What the info above is telling us is that after firing those 10 shots that had an average of 2,768.8 fps and an SD of 8.82 fps, we can say with 99% confidence that the SD of our remaining 240 rounds will fall between 5.5 and 20.1 fps. There is only a 1 in 100 chance that it would fall outside of that range. But that is a huge range! Maybe going for 99% confidence is too strict, so let’s drop to 75% confidence and we can see the SD is predicted to be 7.1 – 12.5 fps. A 75% confidence interval means we can expect that 1 time out of 4 (25% of the time) the real value of the population would fall outside of that range.

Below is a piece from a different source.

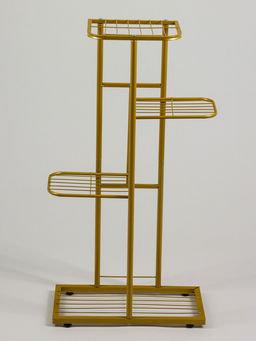 Подставка для цветов Greengo, 4 полки, 43×22×82 см, напольная, металл, цвет золотой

One way to get more confidence in the results is to increase the sample size, so let’s say that we fired another 10 rounds for a total string of 20 shots. The range related to a 95% confidence level would shrink from 6.1-16.1 to 7.9-15.1. That first range is a window of 10 fps, and the second is 7.2 fps – not a huge difference for doubling the sample size. The confidence level you are comfortable with is a personal trade-off between accepting some risk that your results are not accurate vs. investing more time and money to keep testing.

Stats Calculator for Shooters

Adam McDonald is a Canadian FTR shooter and he wrote two outstanding articles related to statistics for shooters, which I highly recommend (click here for Part 1 and Part 2). Adam also created an insanely useful tool to help us calculate the ranges and probabilities for a certain set of data and the desired level of confidence – without needing a math degree. Here is a link to Adam’s Stats Calculator for Shooters (alternate link, if that other doesn’t work for you.)

The screenshot below shows two examples of what Adam’s calculator can do. In these examples, I simply put in three numbers:

I also selected the desired confidence level, and viola – the tool tells me the ranges I can expect for the population based on the sample data provided.

Stats Calculator from Adam MacDonald at AutoTrickler

I entered the same average and SD for both samples above, and only changed the desired confidence level and sample size between the two examples. We can see the range for the SD on the left is 5.5-26.4 fps, and on the right, it is 7.3-12.6. That wider range is a result of a sample size of just 5 shots and a desired confidence level of 95%. The narrower range was based on 20 shots and I lowered the confidence level to 90%. Adding more data points and compromising to a lower confidence level in the results will both effectively narrow the range. Hopefully, this illustrates some of the basics of how Adam’s tool can help.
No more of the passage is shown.